良い店を教えてくれたと感謝する思いは、運転の為に素面でいる自分を置き去りに一人で酒を浴び出来上がっていった迷惑さで薄れて、その後も事ある毎に自分が教えたのだと恩着せがましい言動ですっかり消え失せた。
(いらねェ事まで思い出しちまった)
その時ちょうど、車は一切の無駄なく吸い込まれるようにガレージへと滑り込んだ。
キーを回して音を無くした暗がりの中に、髪型に傷跡に髭と特徴過多な男の顔が飛び切り鬱陶しく思い浮かんだので、鞄と夕飯を拾い、舌打ちと溜息とを残して、堪らなく苦々しい気持ちで車を降りる。
ふと、マンションの正面へと回る道が、普段よりいくらか明るい気がして顔を上げたが、今夜は月も無い。
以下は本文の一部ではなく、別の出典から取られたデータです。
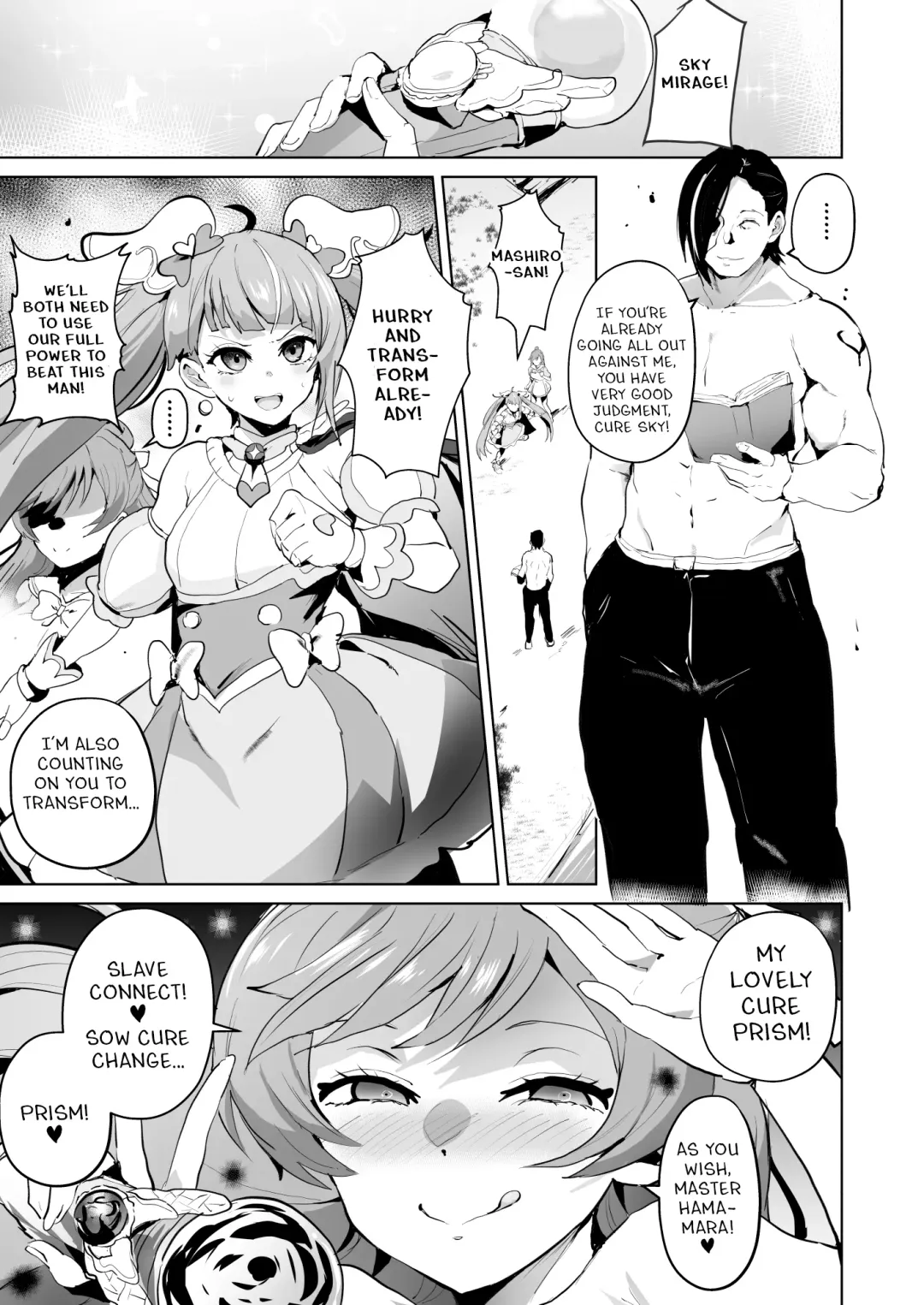 [Sanatuki] Hirogaru Dosukebe Butacure S Fhentai - Page 2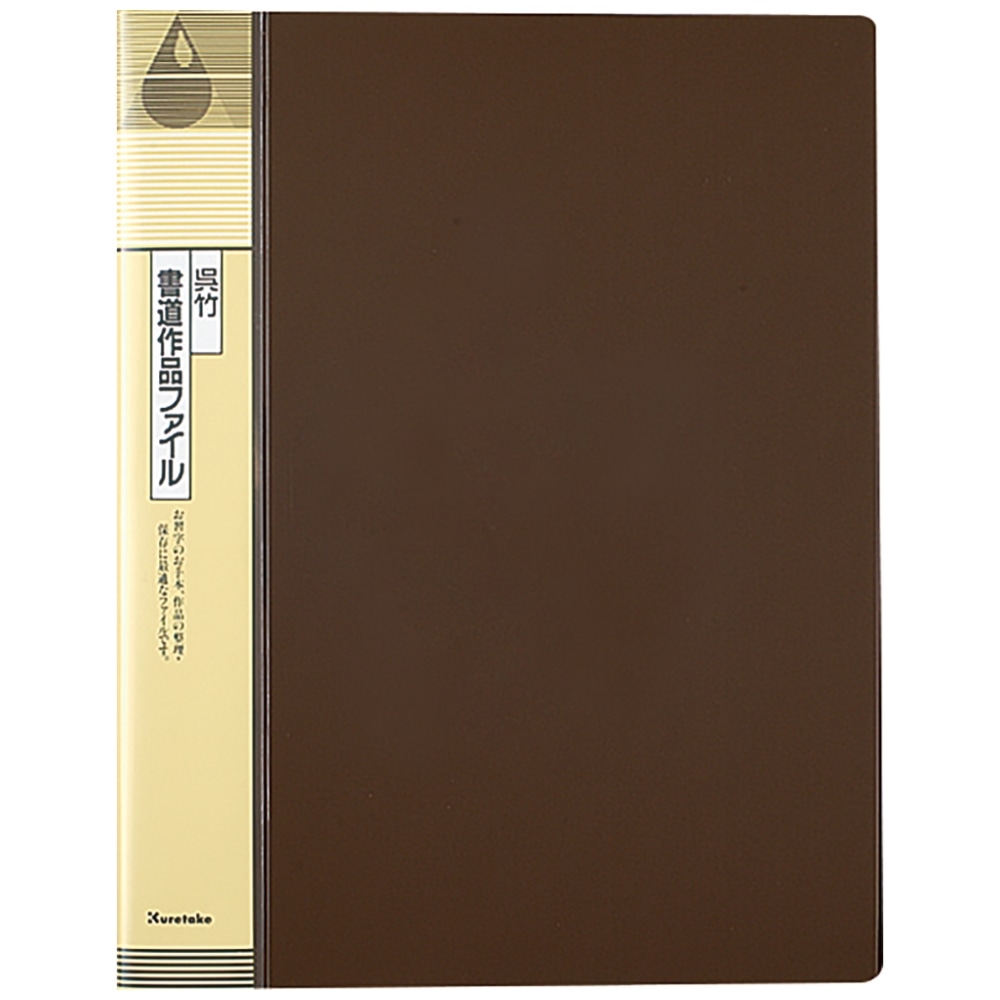 363円 超可爱 呉竹 書道用 文鎮2本組 黒 KC47-902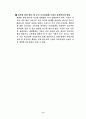 포드 자동차 핀토 사례조사 11페이지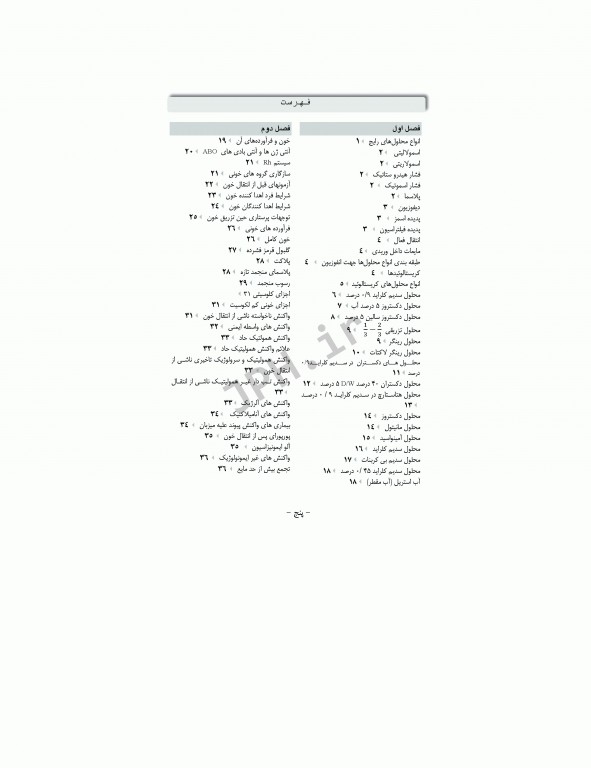 کتابچه بالینی پرستاری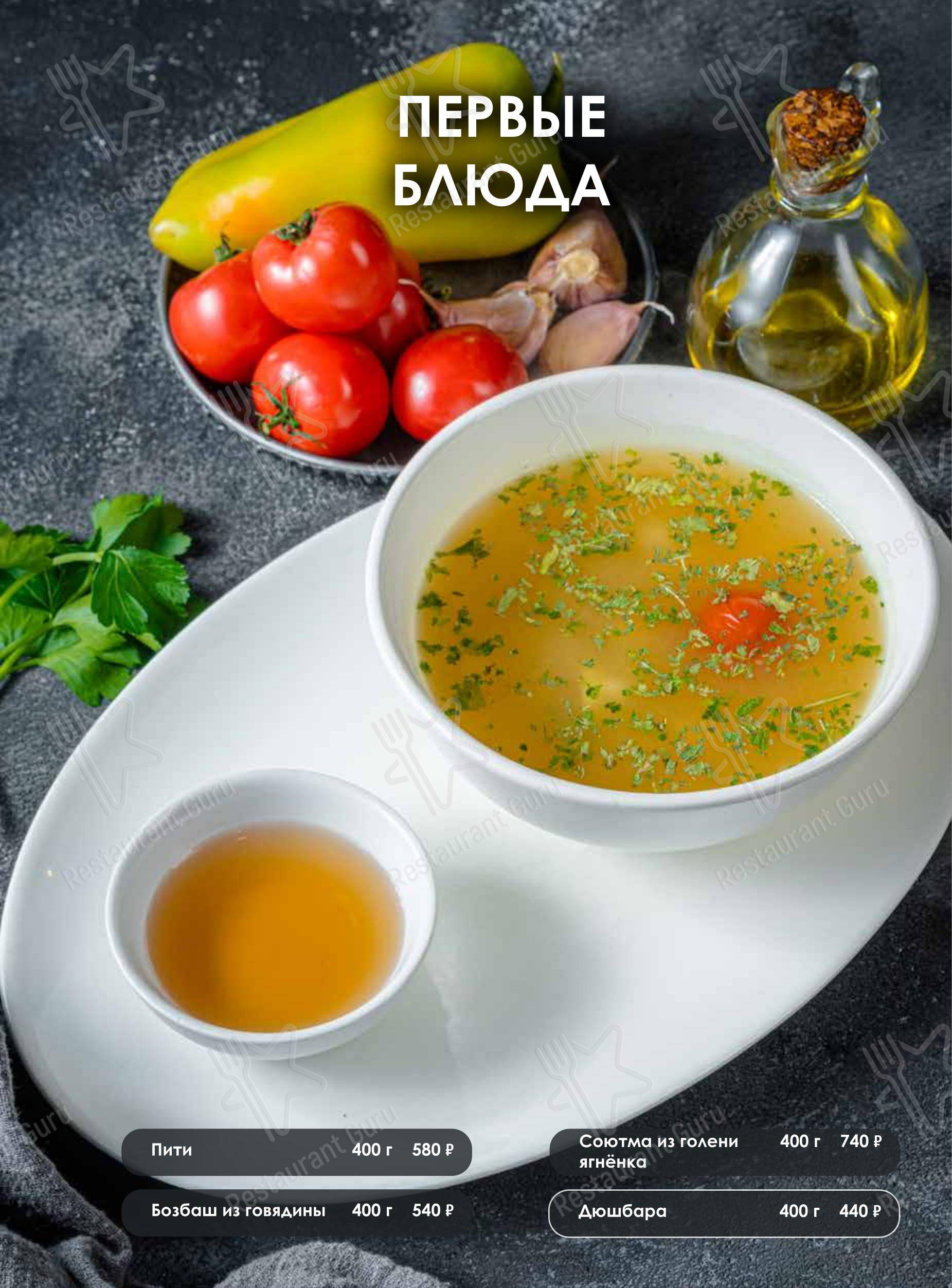 Меню кафе Лебединое озеро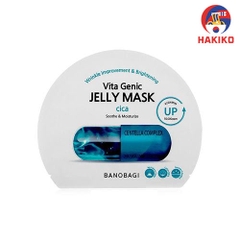 Mặt Nạ Kiểm Soát Nhờn Vita Genic Relaxing Banobagi Hàn Quốc 비타 제닉 젤리 마스크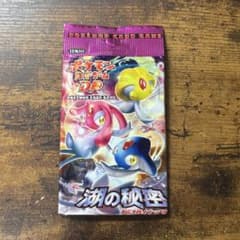 ポケモンカード dp 湖の秘密 空パック 空袋 - メルカリ
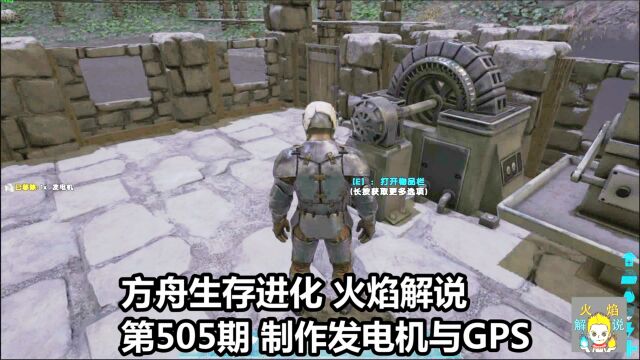 方舟生存进化 火焰解说 第505期 制作发电机与GPS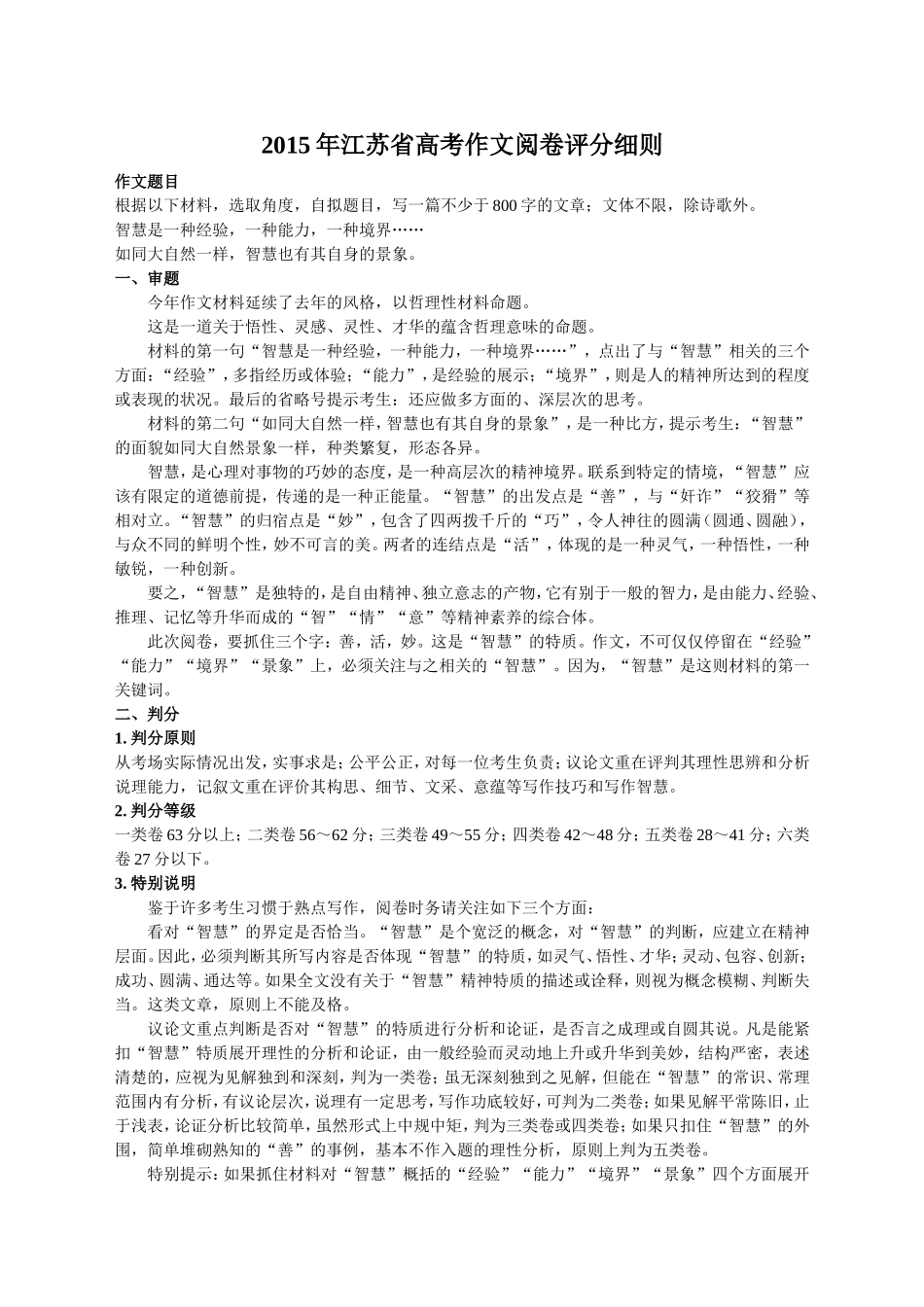 2015年江苏省高考作文阅卷评分细则_第1页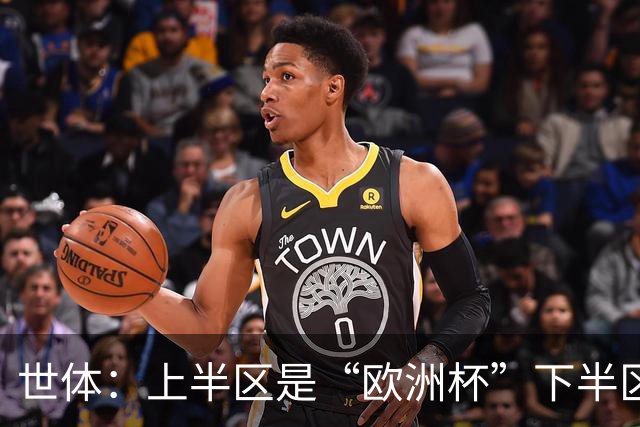 世体：上半区是“欧洲杯”下半区是“美洲杯”，英阿大战太迷人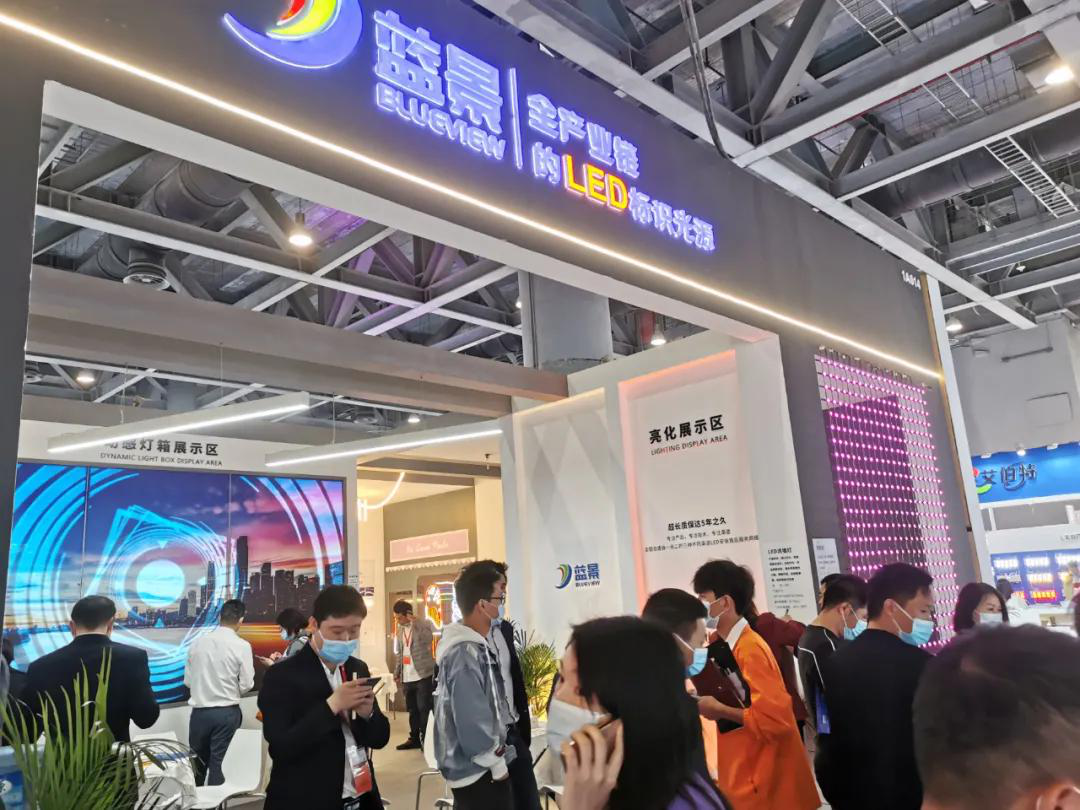 A new departure, Blueview Guangzhou DPES Exhibition 2 20210319105358187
しかし何時もより帰りが早いからだろうか、殆どの窓から光が漏れていて、この所為かと腑に落ちた。
街灯だけではない明るさの元、しかし外に人気はなく、革靴の底がアスファルトを蹴る音が響いて聴こえる静かな夜。
(悪くはないか)
ほんの数十メートルの距離の内に、何となく気分は持ち直り、その単純さを自嘲する思いもまた、僅かに気分を持ち上げた。